Corollary Wines sits in the Eola-Amity Hills AVA, known for its cool evenings—good for growing wine grapes with substantial acidity.

Corollary’s tasting room sits in a prime spot for growing sparkling wine grapes. Cooled by the gust of ocean wind that blows through the Van Duzer Corridor, fruit ripens slowly and develops more acidity—a sought-after quality in bubbles.

Feldkamp and Diephouse wanted their tasting room to feel inventive and distinctive, while also highlighting the surrounding environment. Designed by Waechter Architecture and Feldkamp’s own interior design studio, Heirloom Modern, Corollary’s tasting room layout is open and airy, allowing the team to host tastings in a space that blurs the line between indoors and outdoors. That design choice can be tricky here, considering Oregon’s persistent rain; it has put a literal damper on Corollary’s outdoor tastings in the past, Feldkamp admits. To remedy, the building is equipped with overhead heaters and metal mesh curtains, shielding visitors from the wind and rain. And the indoor tasting area’s large sliding door remains open when the weather is nice. “Most of our tastings we want to do outdoors,” Feldkamp says.

The tasting room was a collaboration between Waechter Architecture and Heirloom Modern, Feldkamp’s own interior design studio.

The space’s emphasis on the surroundings is not only aesthetically beautiful; it’s also a way for Corollary to naturally integrate educational elements into their tastings. “It’s a good vantage point for explaining and pointing at some of our vineyards, like we when we're pouring a single vineyard wine,” Feldkamp says.

The walls of Corollary's bathroom are decorated with close-up images of its wines' bubbles.

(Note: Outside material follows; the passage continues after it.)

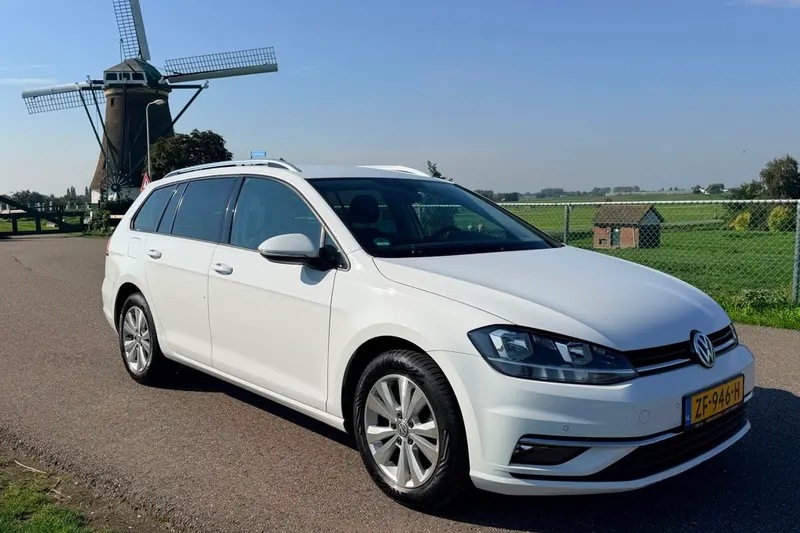 Volkswagen Golf (2019)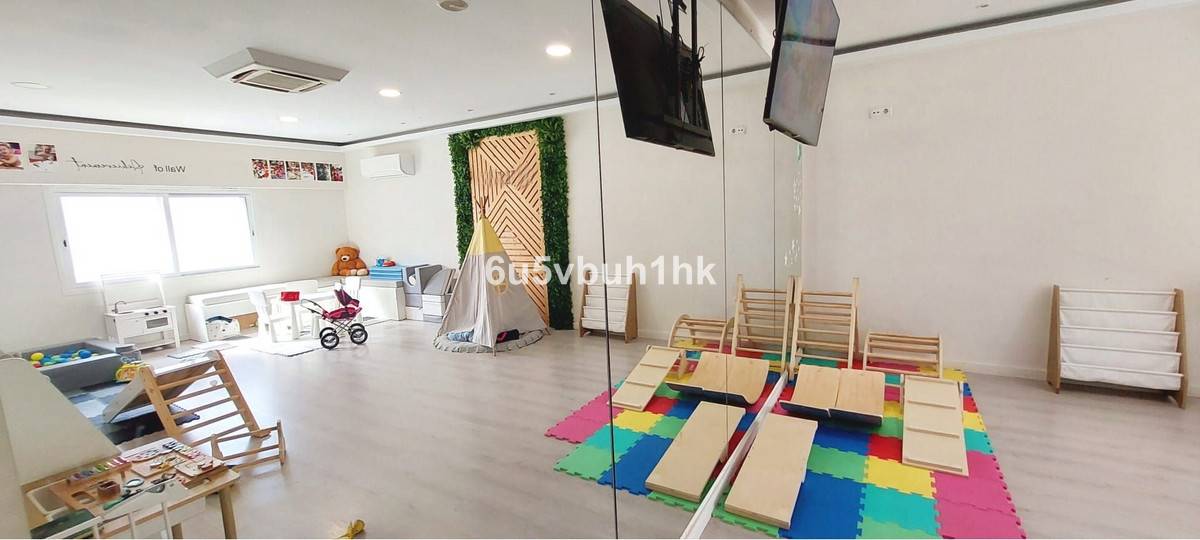 Commercial unit for sale in Fuengirola Costa Del Sol, Málaga, Spain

But inside the space—and inside their bottles—the bubbles remain a focal point. Tastings involve sparkling wines like the 2020 Cuvée One Brut, a high-scoring blend with floral, citrusy notes, or the 2020 Momtazi Carbonic Rosé, made with 100 percent pinot noir grapes. And, as a cute nod to their love of fizz, the bathroom walls are coated with images of bubbles, specifically bubbles from Corollary’s wine, photographed through a microscope and, in the words of Feldkamp, “just blown up like five million times.”

Corollary’s tasting room is open by appointment only at 6850 SE Sartore Rd in Amity.